詞家張惠言常派掌門人,君子溫如玉(2 / 3)

“招手海邊鷗鳥,看我胸中雲夢,蒂芥近如何?”詞人的心曲非但慨當以慷,並且寬當以廣。“海邊鷗鳥”這個典故,我們在厲鶚詞《齊天樂?吳山望隔江霽雪》中曾經說到。能夠將海邊翔舞的鷗鳥招之即來,這樣一種磊落坦蕩的襟懷是利欲熏心者所無法想象的事。當然,利欲熏心者對招來幾隻鷗鳥也毫無興趣,他們的眼裏隻認得煌煌榮祿、炎炎功名。“看我胸中雲夢”源自西漢文學家司馬相如的《子虛賦》。在《子虛賦》中,司馬相如以天花亂墜之筆塑造了兩位口辭一流的吹牛大王——子虛先生與烏有先生。子虛先生為楚國使臣,他向齊國的烏有先生誇耀楚國疆土廣闊,提到了一個叫作“雲夢澤”的地方,“方九百裏,其中有山焉……岑崟參差,日月蔽虧,交錯糾紛,上幹青雲。罷池陂陀,下屬江河”。意思是那個方圓九百裏的雲夢澤有高山突起,可遮日蔽月,重巒疊翠,直上青雲,更兼山坡傾斜,下連江河。子虛先生口氣雖大,烏有先生並沒被他嚇倒,烏有先生當即反唇相譏,表示子虛先生的炫富擺闊太小兒科了。據烏有先生所言,齊國“吞若雲夢者八九於其胸中,曾不蒂芥”,意為我們齊國把八九個雲夢澤那麼大的地方一口氣吞進胸中,就像吞下蒂芥一樣毫不困難。兩個吹牛大王各為其主的口舌大戰,對張惠言有何啟發呢?張惠言是說,一個人若能達到招手鷗鳥、胸懷雲夢的境界,那麼,他肯定不是一個斤斤計較的人,不是一個隻顧眼前利益的人。他是個能屈能伸的君子,亦是個有容有量的大丈夫。

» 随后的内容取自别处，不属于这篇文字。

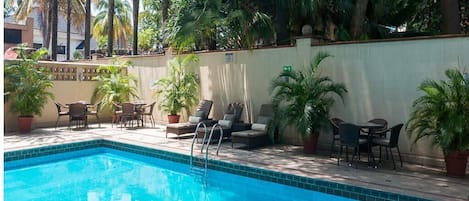 Piscine extérieure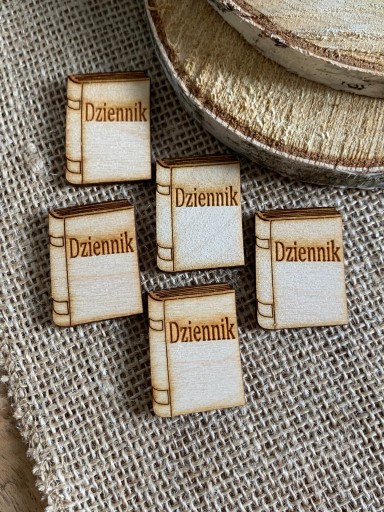 Dziennik dekor scrapek skrapki dekoracja do ramki rękodzieło drewno 5 szt.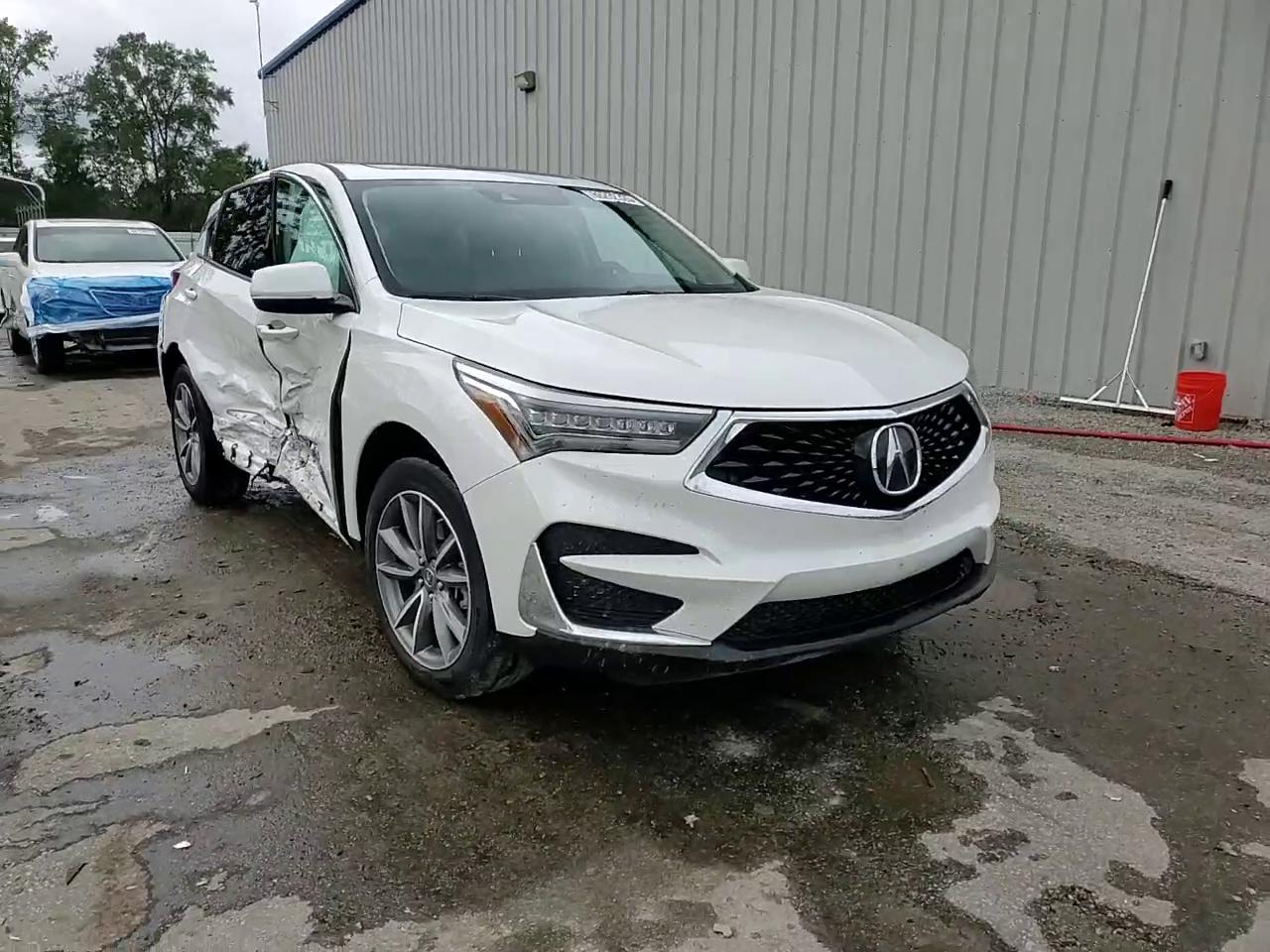 Фото: 5J8TC2H59LL029758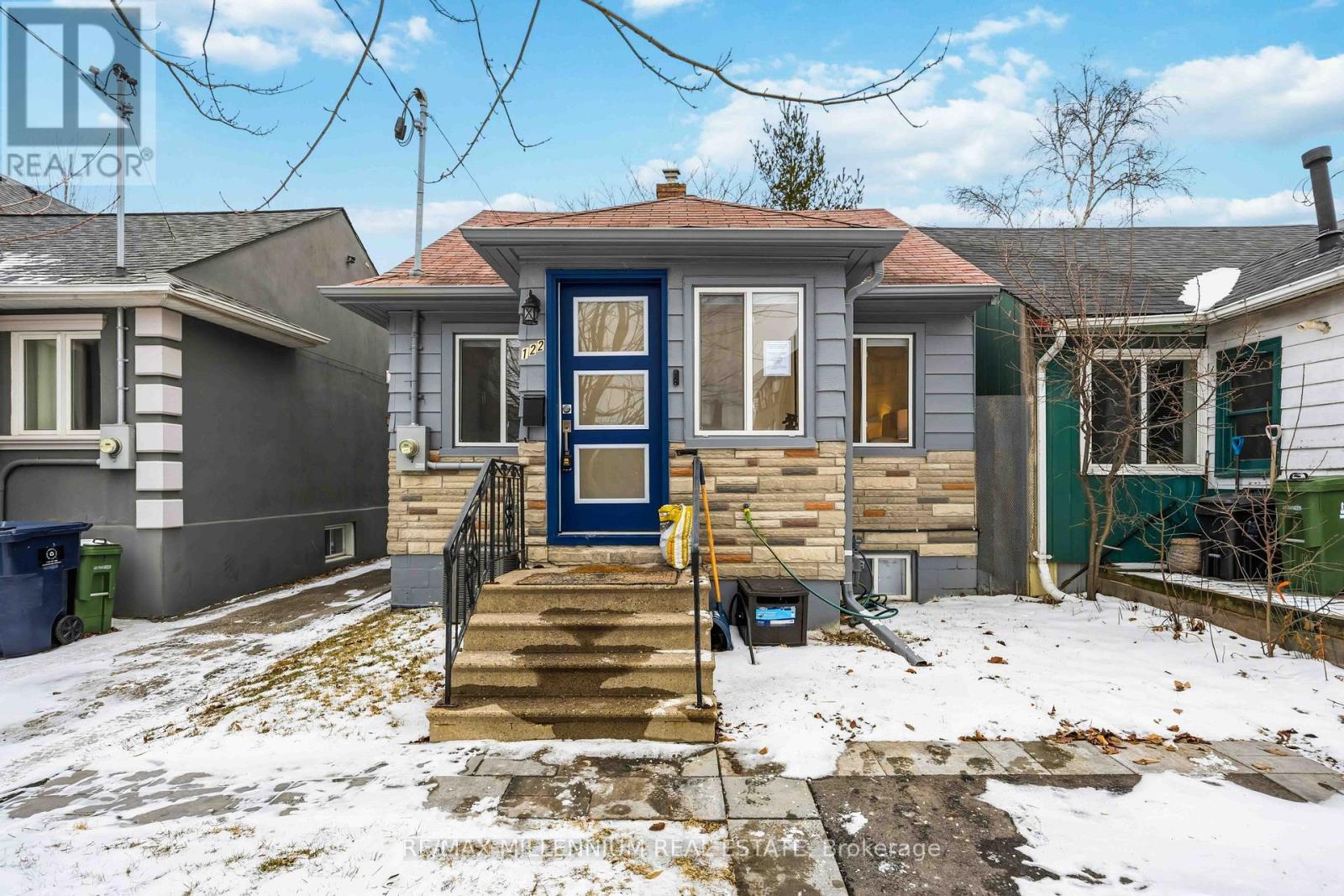 122 TWENTY SECOND STREET, Toronto, Ontario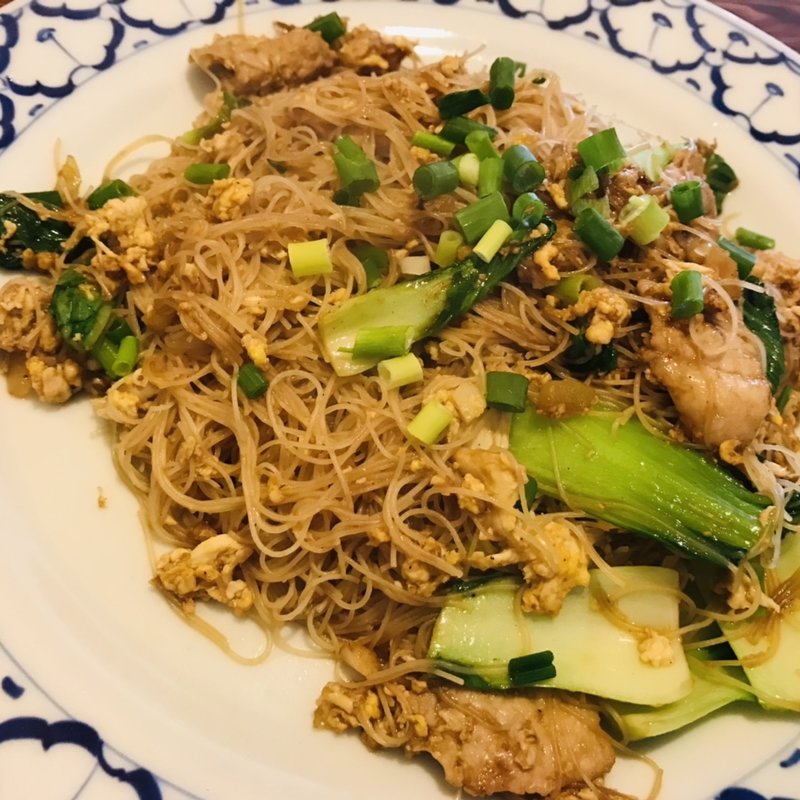 ミーパムー(豚肉のタイビーフン焼きそば)(サイアム)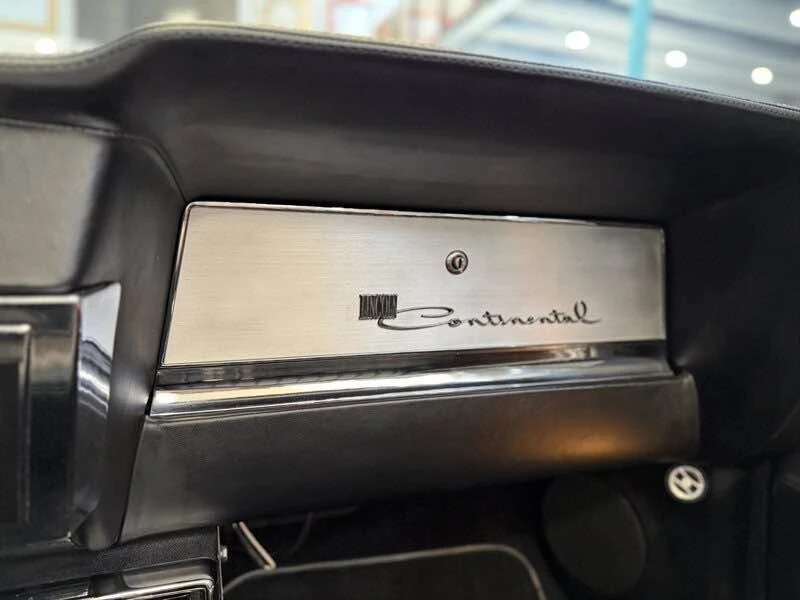 1963 Lincoln Continental 4th Gen - Image 17 of 18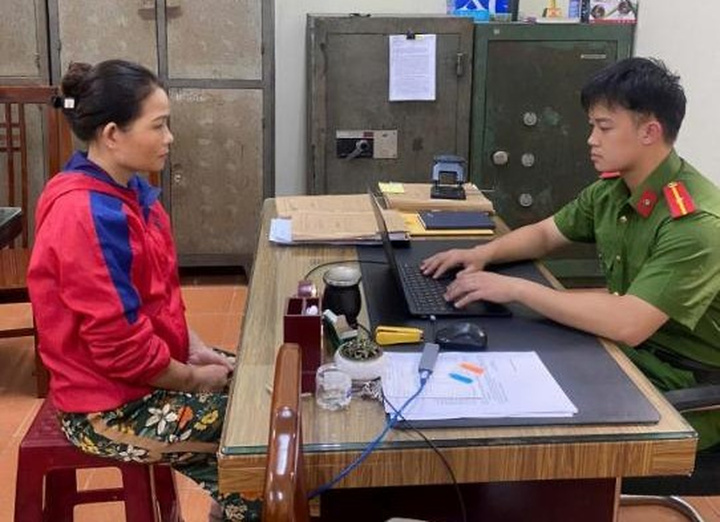 B&ugrave;i Thị Hạnh bắt giam v&igrave; &eacute;p con trai người t&igrave;nh uống thuốc diệt chuột - Ảnh 1.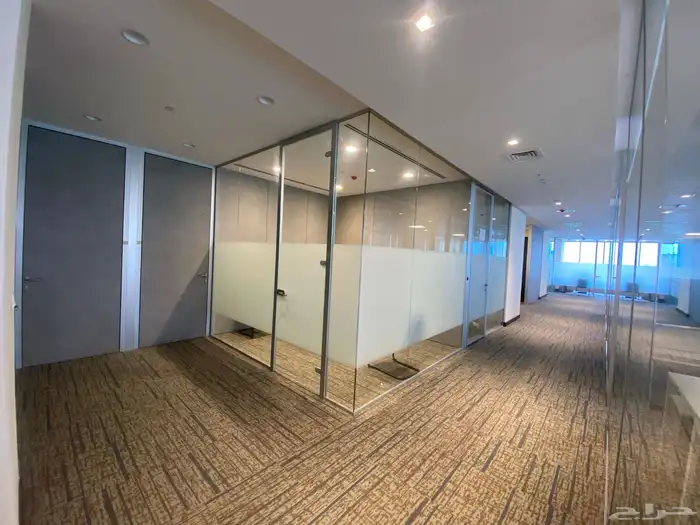 قواطع مكاتب زجاج مكاتب 4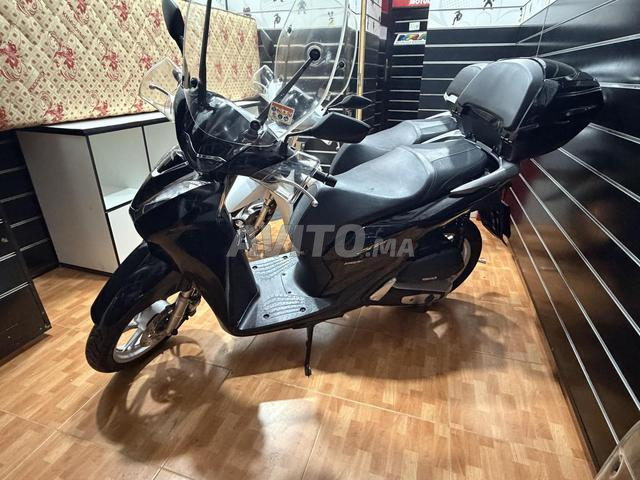 Honda sh 150 noir - 2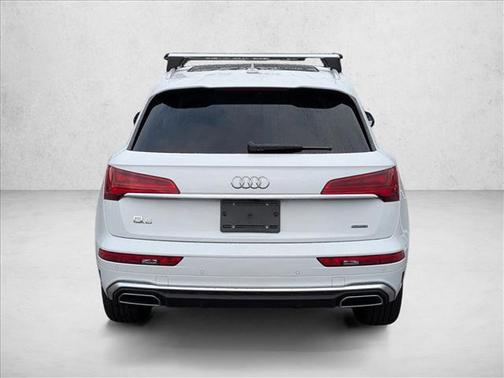 Glacier White Metallic 2023 Audi Q5 45 S line Premium Plus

“楚越等閑耳,肝膽有風波。”胸襟氣度真的非常重要。若能襟寬氣闊,那麼就連國與國之間的紛爭(譬如楚國與越國)也可等閑視之,但若心胸狹隘,即便親如肝膽也會大鬧別扭。

“生平事,天付與,且婆娑。”人生得意也罷,失意也罷,悲歡離合皆成經曆,風霜雨露俱當品嚐。上天既能賜予我們幸福,也會為我們安排苦難。沒有人會一直成功,也沒有人會永遠失敗。不要總是苛求幸福的濃度,不要總是覺得自己受到了不公正的對待。內心的定力勝於外界的壓力。無論境遇如何,我們都要以優雅從容的舞姿來麵對生活,我們不僅要在幸福中成全自己,更要在苦難中成就自己。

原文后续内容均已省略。